---------- RECORD SET

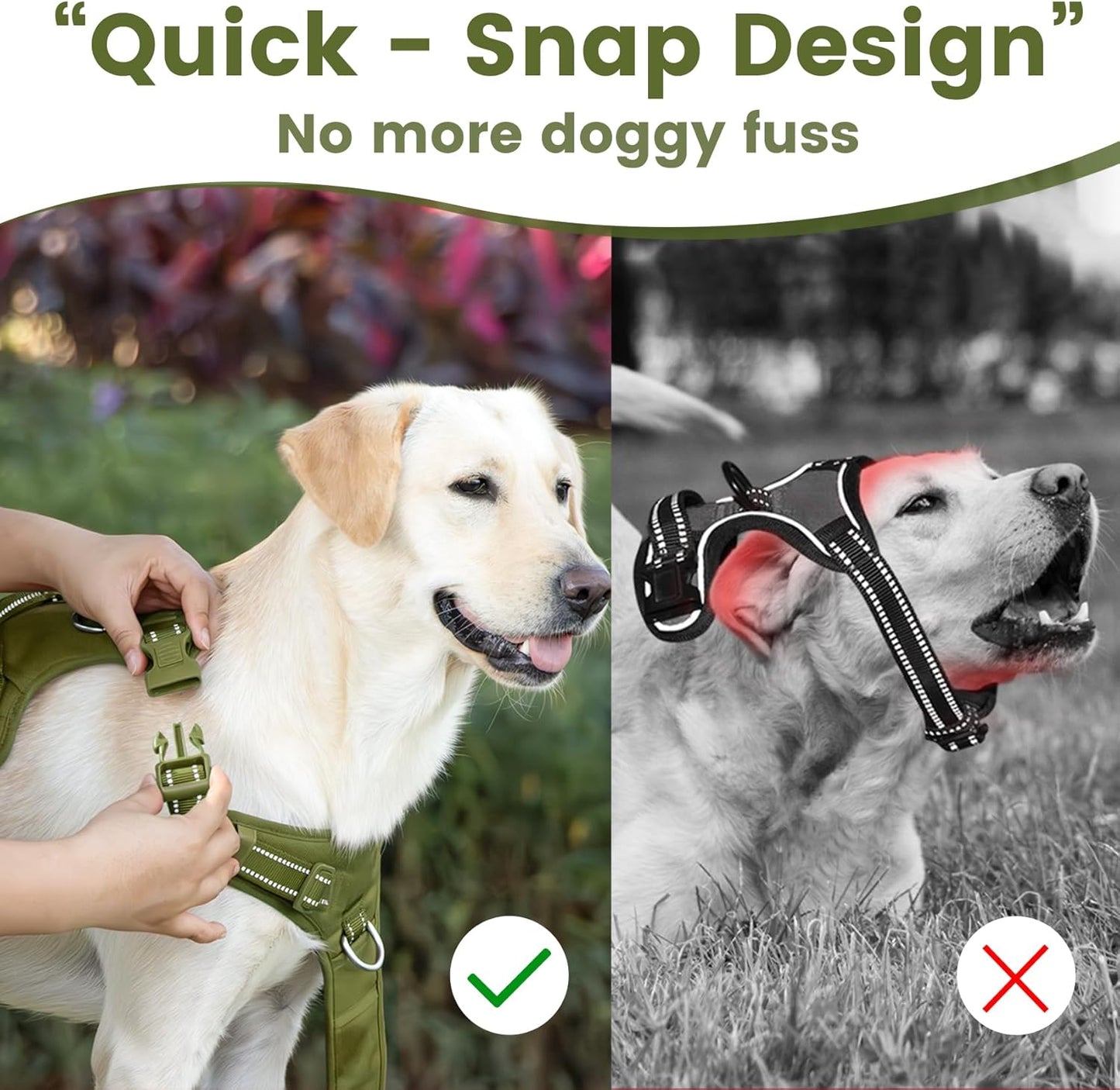 No Pull Dog Harness, Reflective Puppy Vest for Small Medium Large Sized Dog (Misty Green,L)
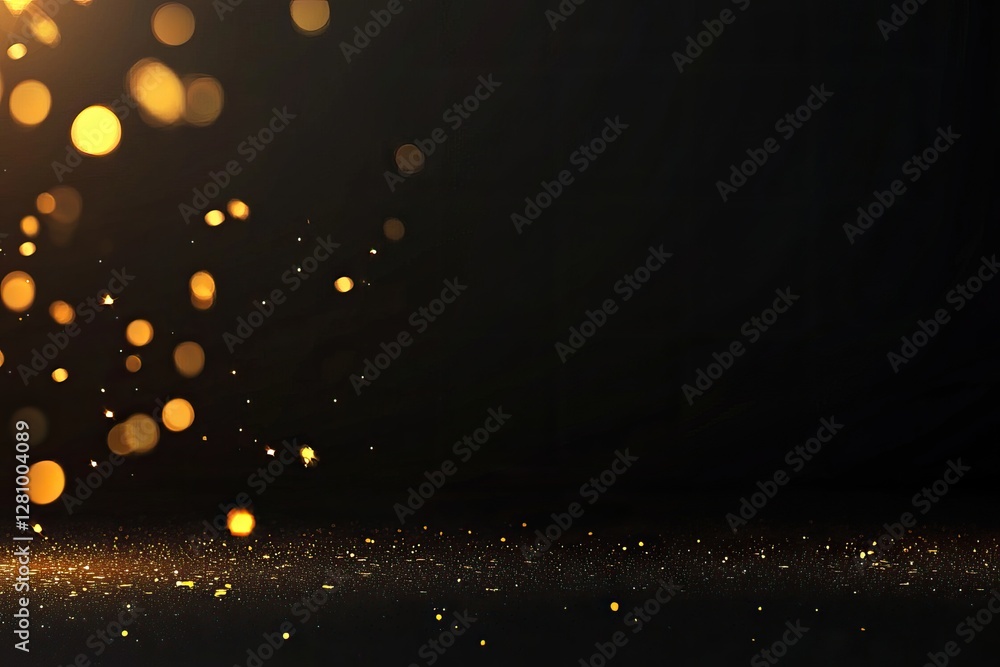 Canvas Prints abstract black background with golden glitter and bokeh lights, ideal for presentations or design.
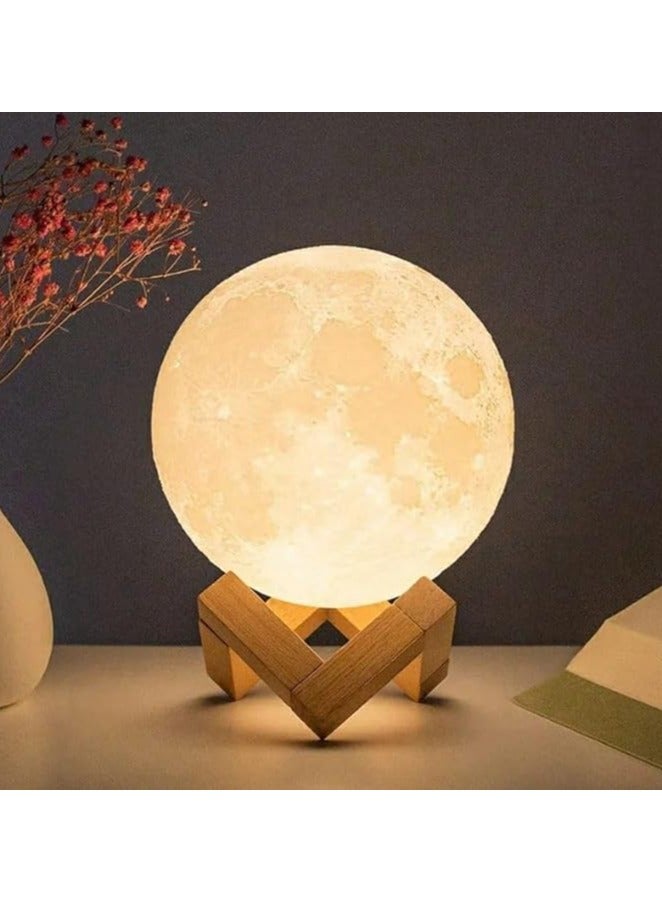 3D Moon Lamp - Night Light with 3D Moon Design, Warm and Cold Light for Home Decor 10cm - with Stand - Suitable for All Kinds of Decoration - Image 1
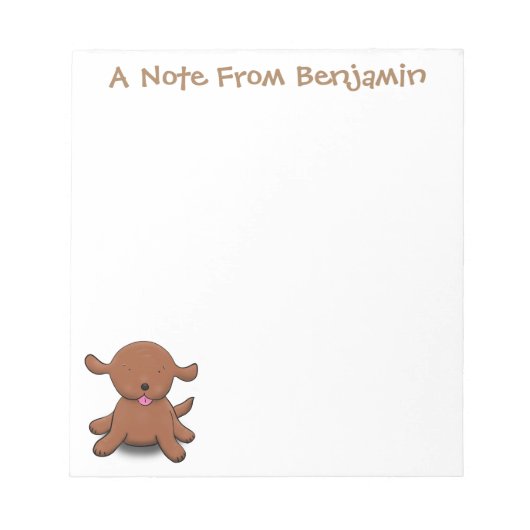 Bloc-note Caricature pour chien de chiot joyeux (Devant)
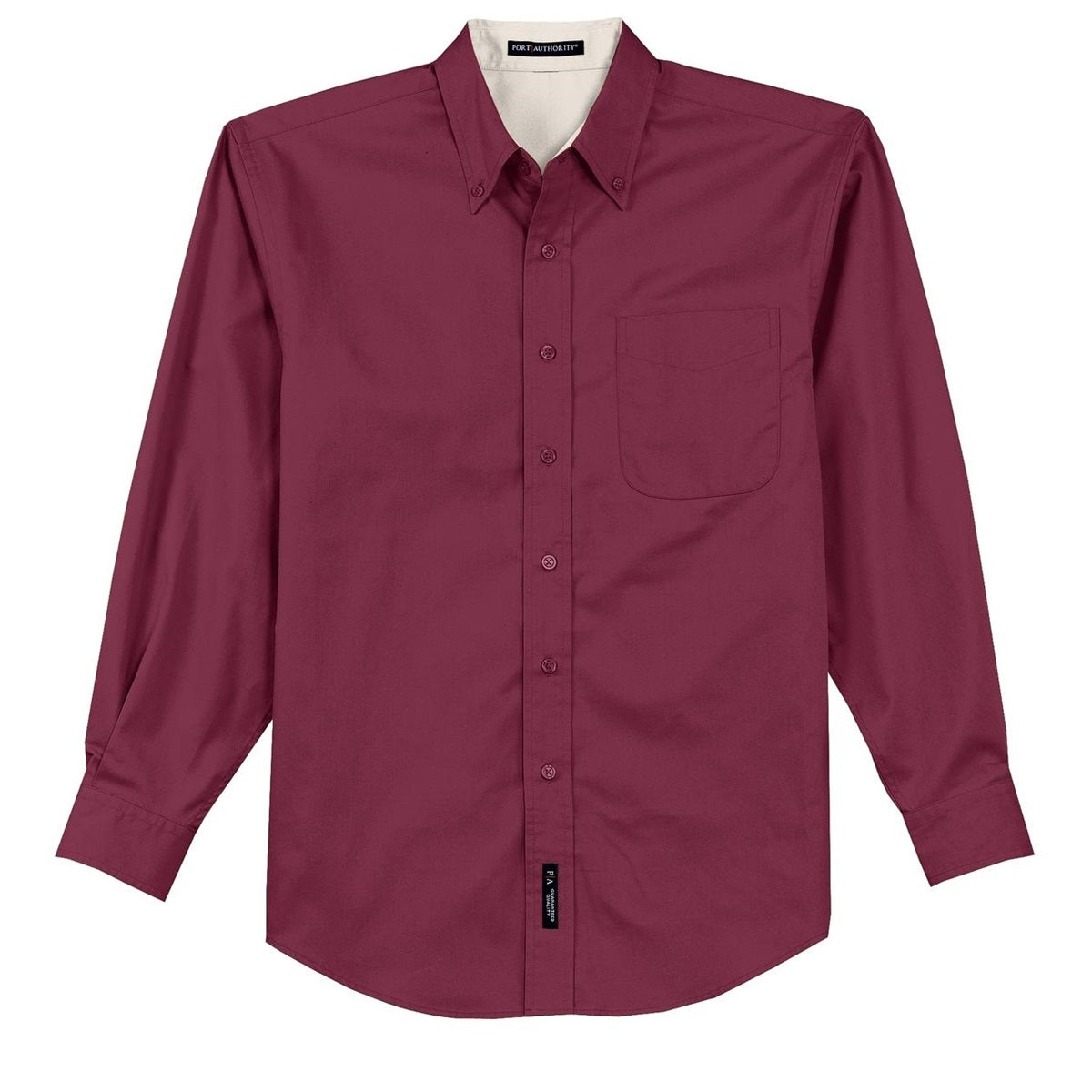 Black/Light Stone Button Up Shirt - Port Authority - Durable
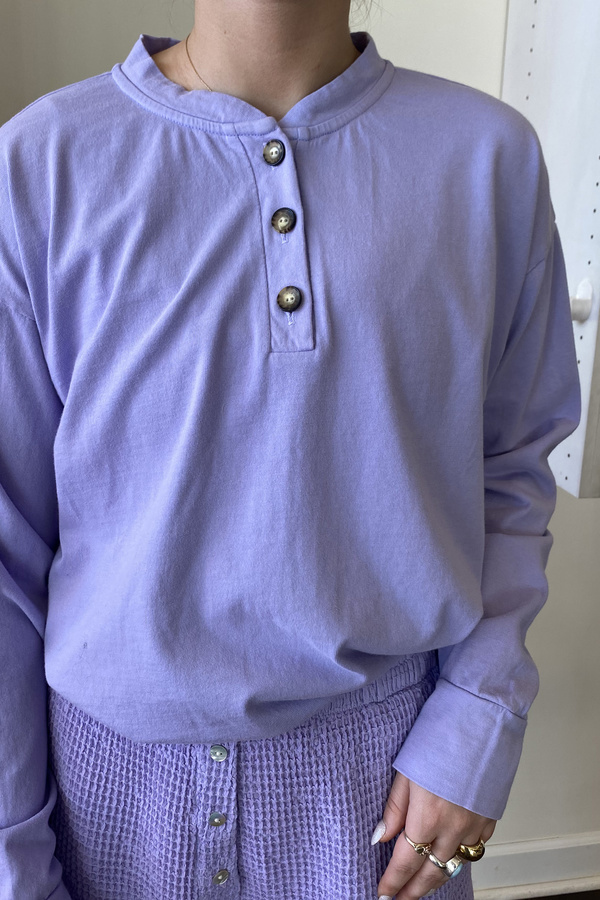 Donni. Henley Tee Long Sleeve - Lilac Donni. Henley Tee Long Sleeve - Lilac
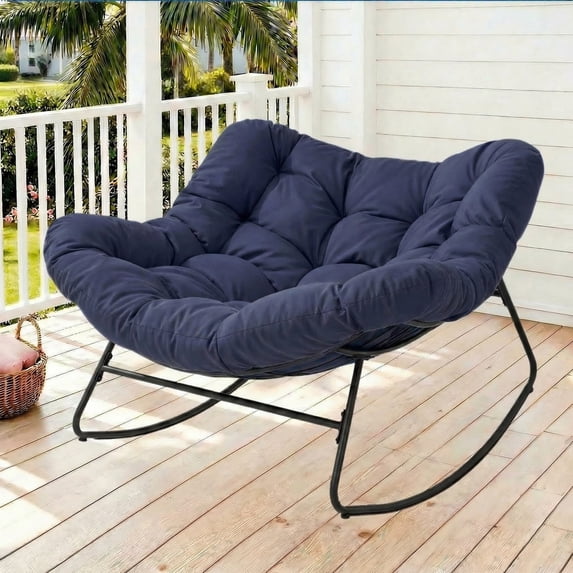 Dovov Oversized Papasan Rocking Chair, Indoor Outdoor Rocking Papasan Chair Steel Outdoor Rocker with Padded Cushion for Bedroom Living Room Patio Garden Porch Backyard Lawn Deck Balcony, Navy Blue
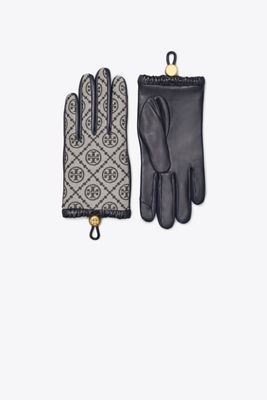 Tory Burch T Monogram Gloves In Blue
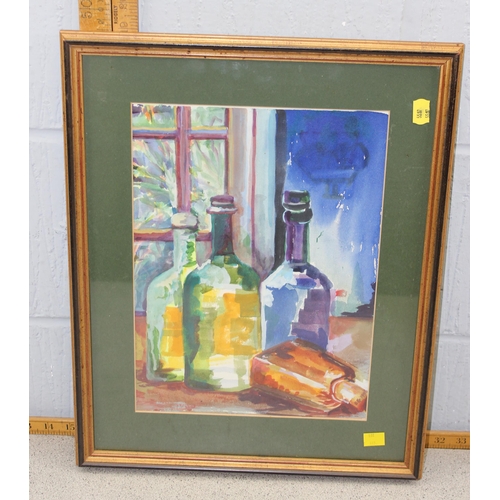 465 - Stephanie Lena Greenhalgh (British 1915–2006), watercolour of coloured bottles, Olive Britton waterc...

--------------------

Once you find the line with "Bloc-note Caricature pour", restate it and every later line of the data word for word, excluding the pictures.

 Bloc-note Caricature pour chien de chiot joyeux (Devant)
 Black/Light Stone Button Up Shirt - Port Authority - Durable
 Donni. Henley Tee Long Sleeve - Lilac Donni. Henley Tee Long Sleeve - Lilac
 Dovov Oversized Papasan Rocking Chair, Indoor Outdoor Rocking Papasan Chair Steel Outdoor Rocker with Padded Cushion for Bedroom Living Room Patio Garden Porch Backyard Lawn Deck Balcony, Navy Blue
 Tory Burch T Monogram Gloves In Blue
 465 - Stephanie Lena Greenhalgh (British 1915–2006), watercolour of coloured bottles, Olive Britton waterc...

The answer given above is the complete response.